PROBLEM TO SOLVE:
Without pictures, output exactly the lines running from the line containing "VIDEO: ave se" to the end of the listing below.

PROVIDED MATERIAL:
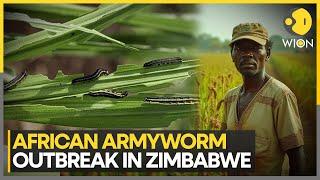 Devastating Armyworm Outbreak Spreads Across 30 Districts In Zimbabwe | World News | WION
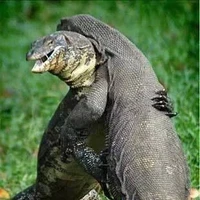 แอด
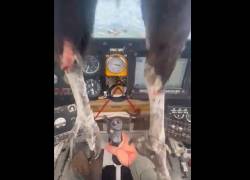 VIDEO: ave se impacta contra avioneta durante vuelo en Vinces; el piloto grabó el inesperado suceso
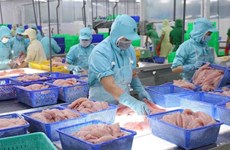 Exportaciones de pescado Tra de Vietnam se recuperarán en tercer trimestre 2023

OUTPUT:
 VIDEO: ave se impacta contra avioneta durante vuelo en Vinces; el piloto grabó el inesperado suceso
 Exportaciones de pescado Tra de Vietnam se recuperarán en tercer trimestre 2023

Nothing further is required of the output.